What is in the Book?
The body of the book is broken down into five parts. Each part covers one of the five chapters of the book of lamentations. Each of the five parts has a few chapters that analyze different core ideas found within the given chapter of Lamentations. Rah’s intention in writing the book is very clear throughout: he wants the American church to embrace the practice of biblical lament.
What is Lament?
Rah first introduces the reader to lament in his introduction writing: "Laments are prayers of petition arising out of need. But lament is not simply the presentation of a list of complaints, nor merely the expression of sadness over difficult circumstances. Lament in the Bible is a liturgical response to the reality of suffering and engages God in the context of pain and trouble. The hope of lament is that God would respond to human suffering that is wholeheartedly communicated through lament.”

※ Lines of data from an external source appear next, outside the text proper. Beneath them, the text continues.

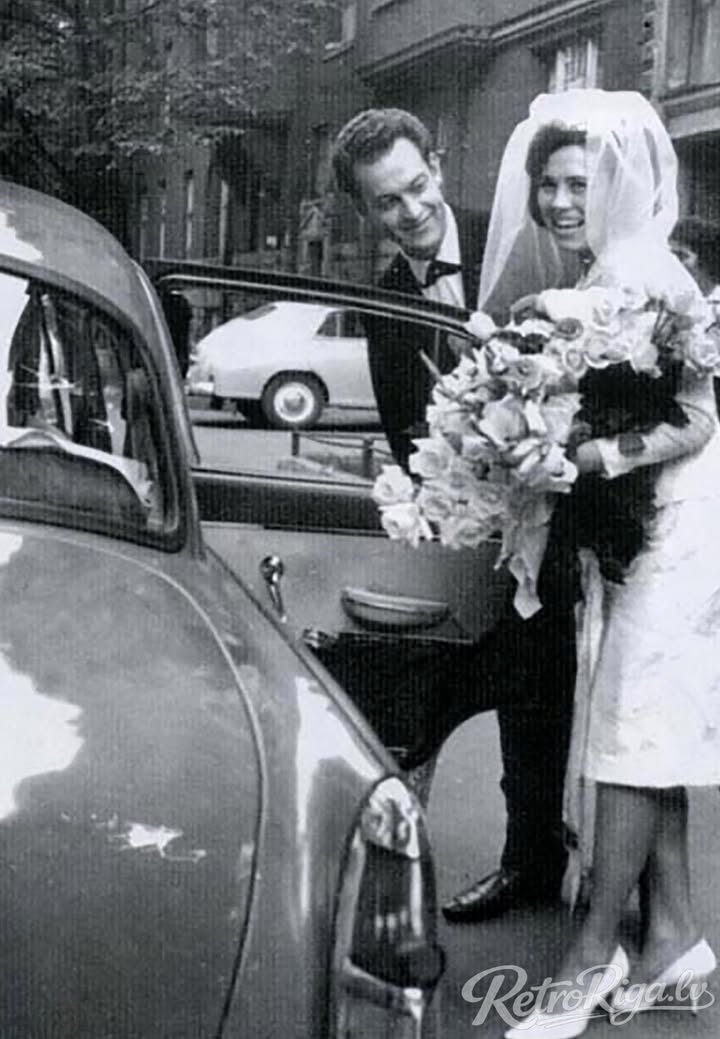 1964. gads. Pie dzimtsarakstu nodaļas Alunāna ielā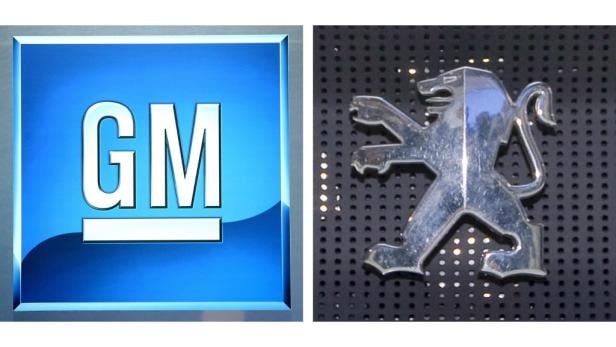 Die Logos von General Motors (GM) und Peugeot im Vergleich.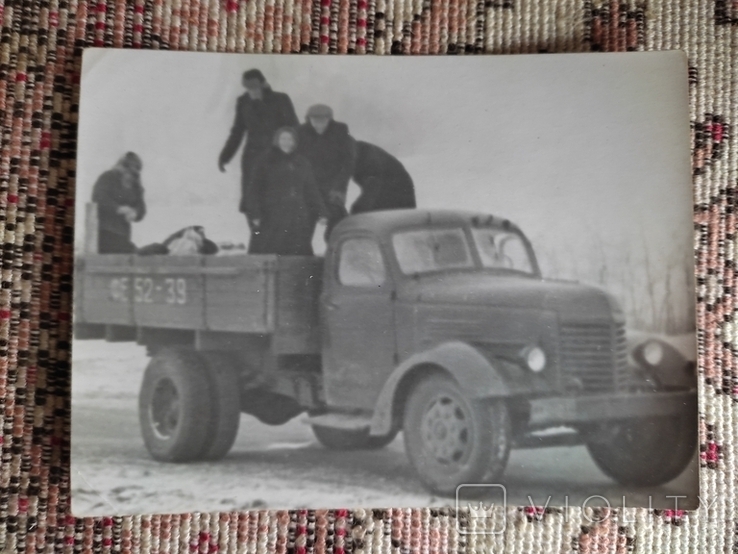 Старе фото вантажівки ЗІС-150. 1957, фото №2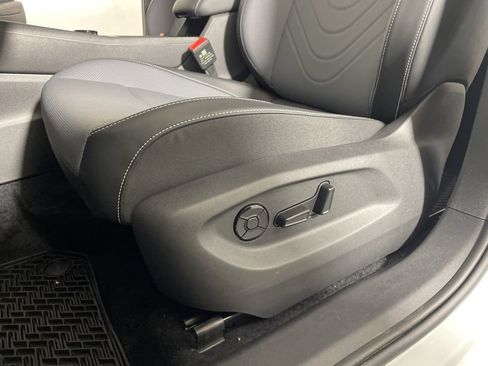 New 2026 Volkswagen Tiguan SE AWD/4WD image 11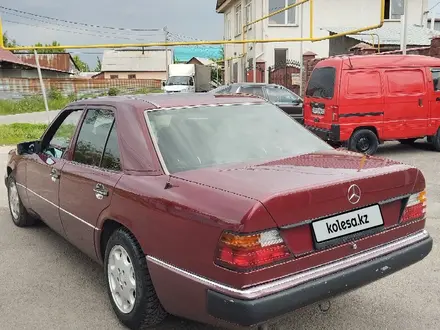 Mercedes-Benz E 260 1993 года за 1 300 000 тг. в Алматы – фото 3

Why should I read this book?
You should read Prophetic Lament because in it Rah convincingly presents the practice of biblical lament as a powerful corrective for the triumphalism, exceptionalism, and racism that are often found in the American church. One striking example of this comes in chapter 2, “The Funeral Dirge.” Within this chapter, Rah explains that the prophet Jeremiah wrote Lamentations to the small remnant of Israelites who were left in Jerusalem following its fall to the Babylonians.
In the 1st chapter of Lamentations there is a specific genre of lament which Rah explains as a “funeral dirge.” Put simply, a dirge is a poem written to lament death. Rah explains why it is necessary by writing, “A funeral dirge is necessary because the dead body of the city lies before (those left in Jerusalem).” Shortly after that he writes, “The funeral dirge does not allow for the denial of death, nor does it allow for the denial of culpability in that death. The funeral dirge is a reality check for those who witness suffering and allows mourning that is essential for dealing with death.”

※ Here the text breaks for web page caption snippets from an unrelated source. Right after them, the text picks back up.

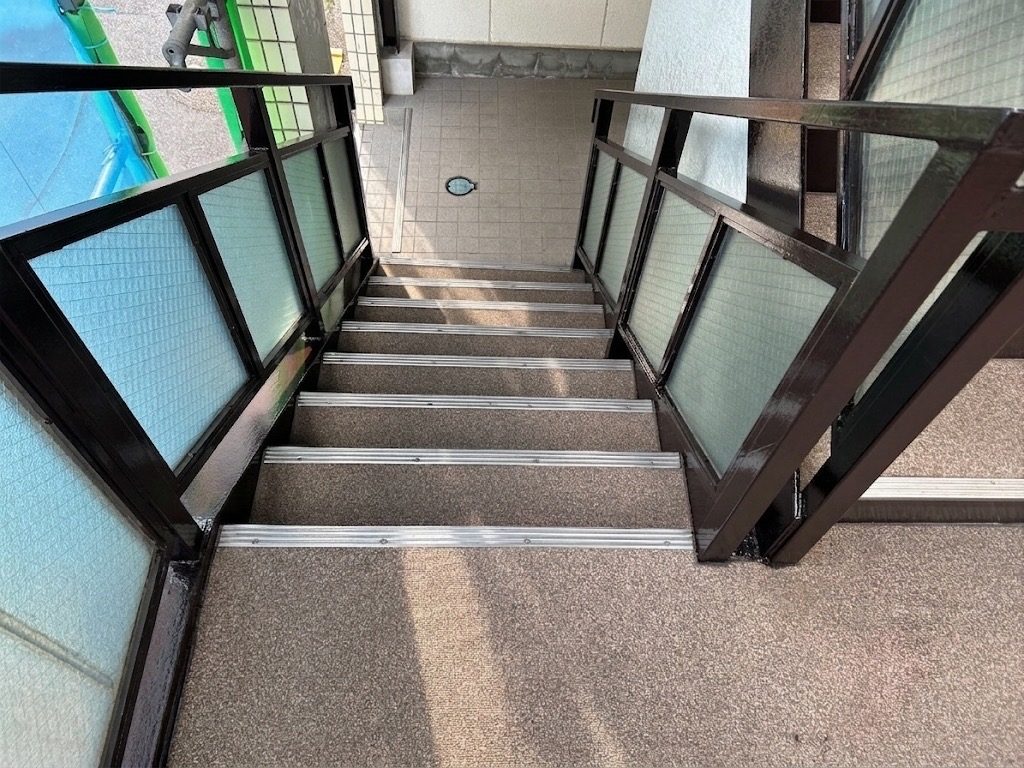外壁塗装|階段手すり(黒)塗装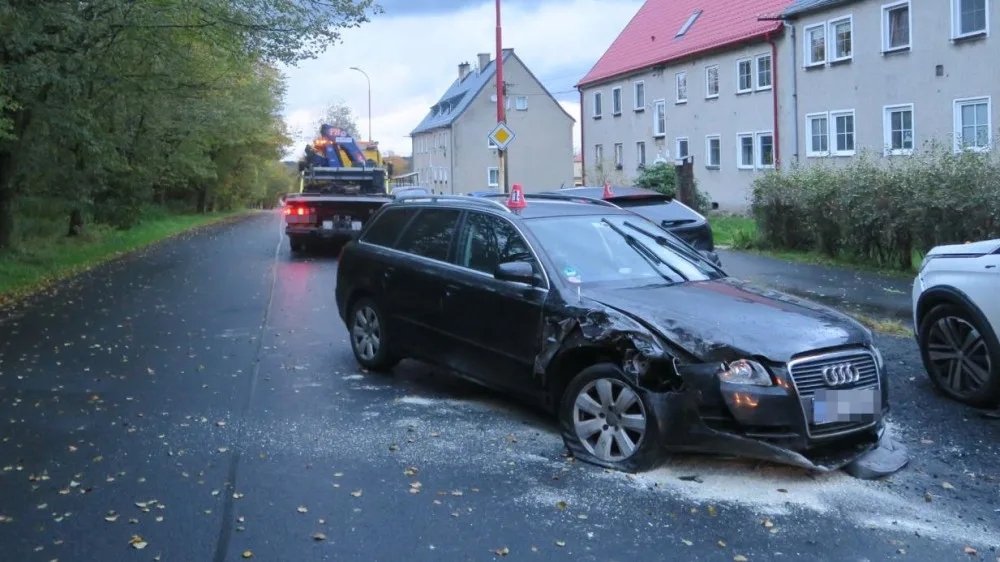 Opilý řidič vozu značky Audi způsobil nehodu tří osobáků. Na místě přišel o řidičský průkaz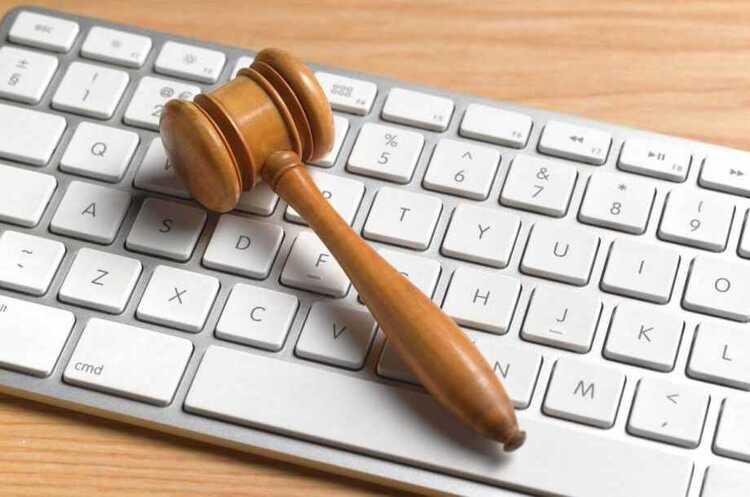 Коломойський програв: суд підтвердив неможливість повернення ПриватБанку Коломойський програв: суд підтвердив неможливість повернення ПриватБанку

Rah highlights for the reader that in Lamentations 1 there are descriptions of enslavement, violation, anguish, abandonment, exploitive labor, suffering, shame, and more. Why write with such graphic detail? Rah explains writing, “ Even if God’s people wanted to close their eyes and shut out the suffering around them, Lamentations won’t allow it…. Lament is honesty before God and each other. If something has truly been declared dead, there is no use in sugarcoating that reality. To hide from suffering and death would be an act of denial. If an individual would deny the reality of death during a funeral, friends would justifiably express concern over the mental health of that individual. In the same way, should we not be concerned over a church that lives in denial over the reality of death in our midst?”

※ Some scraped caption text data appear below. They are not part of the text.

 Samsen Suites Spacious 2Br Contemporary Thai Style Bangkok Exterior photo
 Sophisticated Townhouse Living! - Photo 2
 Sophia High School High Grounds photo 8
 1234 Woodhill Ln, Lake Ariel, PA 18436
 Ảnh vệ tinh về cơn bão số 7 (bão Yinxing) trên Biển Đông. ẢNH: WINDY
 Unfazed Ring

Rah asserts that when we embrace triumphalism and exceptionalism, we often find ourselves denying the reality of suffering and pain because they threaten our belief that we are exceptional and triumphant. Rah reasons that when we spend our time denying the realities of suffering and pain, we will fail to see those who are suffering all around us. Likewise, when we spend our time denying these realities, we fail to recognize our role in the suffering that we bring to others. Thus, in Rah’s estimation it is little surprise that churches who reject lament also struggle to discuss issues like racial reconciliation. Triumphalism and exceptionalism lead us to believe that there is no problem, but the funeral dirge of lamentation models that we should acknowledge death in our midst. Rah argues that this reality check is a critical step for any church who wishes to begin the process of racial reconciliation. This is just one of the many ways Rah presents lament as a practice that helps us counter the lies we repeatedly tell ourselves.
Prophetic Lament is all about the book of Lamentations and the practice of Lament. Rah’s analysis will leave you challenged regardless of whether you have been a Christian for a week or sixty years. He will help you see the very important role that lament plays in the economy of faith.